Capítulo 37 - A decisão de Akanni

NÃO ERA DIFÍCIL IMAGINAR o destino de Ruxandra depois da sua fuga do castelo em Pleven. Ela havia se livrado a muito custo das garras sórdidas do perseguidor que a manipulava e que a queria desposar antes mesmo que ela soubesse o que significava o amor por outra pessoa, mas tinha conquistado a liberdade com que tanto sonhava.

Pela idade que tinha ao escapar da Bulgária, passou pouco tempo até que ela se encontrasse com meu pai, Grigore, se apaixonasse e se casasse com ele, para viver a alguns quilômetros de distância dali, na Valáquia e, enfim, livre da influência de Dumitri.

Eu conhecia aquela mulher como a mãe zelosa que havia me criado com afinco, apesar das adversidades e as agruras sofridas por nossa família na Valáquia, e nunca sequer imaginei as situações terríveis pelas quais ela passou em sua juventude, nem tampouco que tinha escapado da sanha do mesmo vampiro pervertido que, alguns anos depois, também iria me desgraçar a vida.

Depois da conversa com Akanni no porão, eu assuntei se Alex estava precisando da minha ajuda na cozinha e, assim que percebi que ela podia se virar sozinha com a carne do cervo de quase cento e cinquenta quilos que preparava para o jantar, me vi curiosa para continuar a leitura do diário de Dumitri.

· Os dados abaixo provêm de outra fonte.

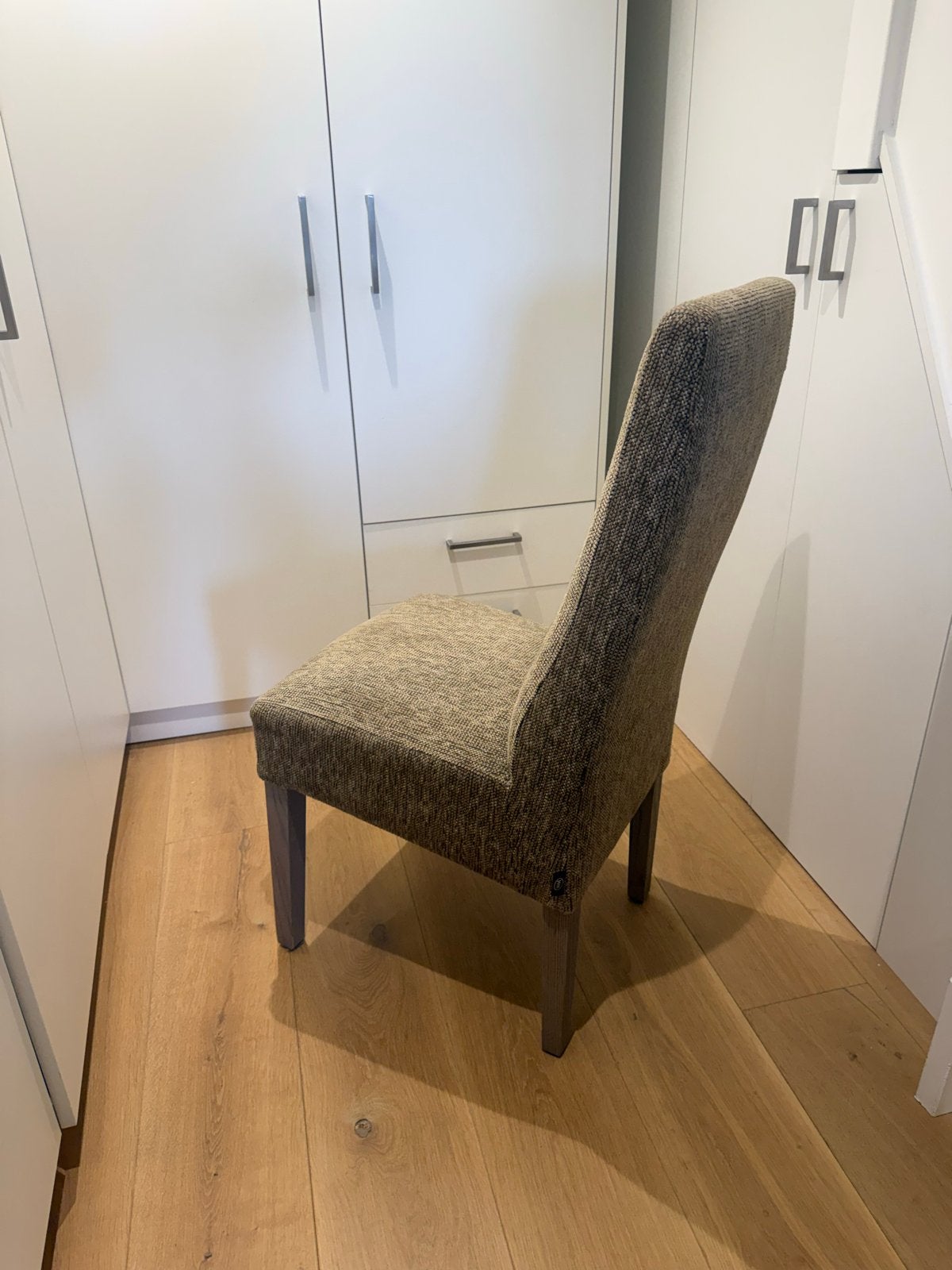 Comfortabele gestoffeerde eetkamerstoel, Huis en Inrichting, Stoelen, Gebruikt, Eén, Stof, Bruin, Ophalen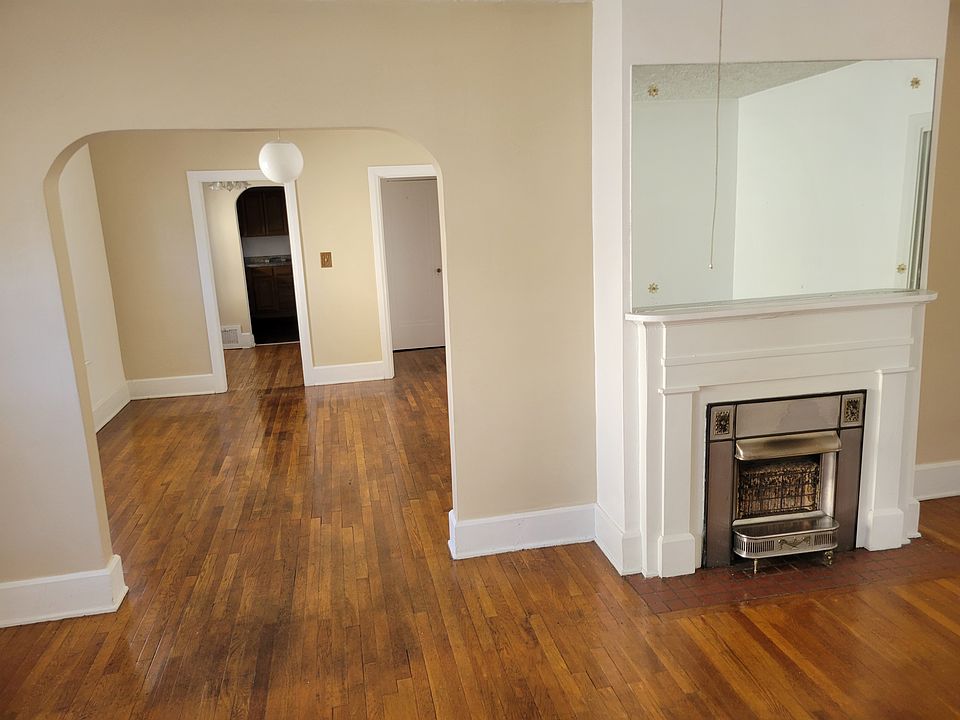 Livingroom leading to dining room.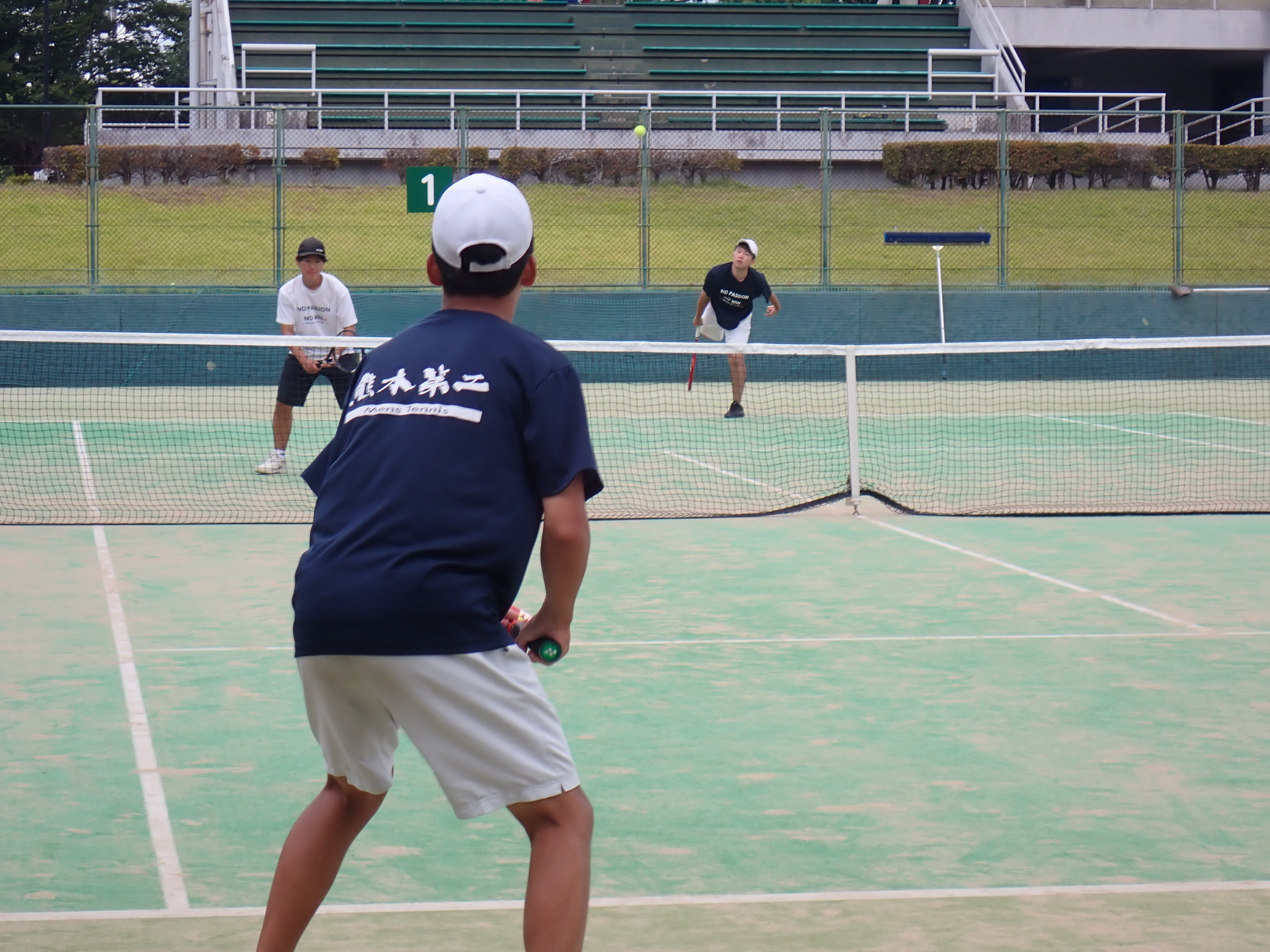 テニス　大学生のテニスを学ぶ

Me sentei na cadeira de balanço da varanda e, enquanto a vida noturna do lado de fora do chalé ecoava da floresta até ali, voltei a me debruçar sobre as palavras de meu odiado mentor.

(...)

"20  de setembro, 1828.

Descobri através de informantes cuidadosamente posicionados nos arredores do castelo que Lucien Archambault transferiu-se permanentemente para uma de suas propriedades francesas e que não tem intenção de retornar às terras búlgaras. Em virtude da perseguição implacável que sofro do conselho de vampiros de meu adversário, vi-me compelido a abandonar meu refúgio em Varna, e encontrei abrigo em um bairro distante de minha pátria-mãe, a Valáquia.

Entretanto, ontem, adentrei mais uma vez os vales sombrios de Pleven, com o propósito de alcançar a área de serviço do antigo castelo de Archambault, e para minha surpresa, constatei a veracidade dos rumores de que o arrogante patriarca permitiu que o casal Szekély permanecesse responsável pela propriedade, aguardando o retorno, mesmo que improvável, de sua estimada filha.

Iorghu só percebeu minha chegada quando já era tarde demais. Embriagava-se com uma garrafa de uísque barato quando se deparou com uma mordida em seu pescoço. Não emitiu qualquer reação verbal. Estremeceu brevemente diante do abraço fatal da morte, quase como se ansiasse por esse destino imposto por mim.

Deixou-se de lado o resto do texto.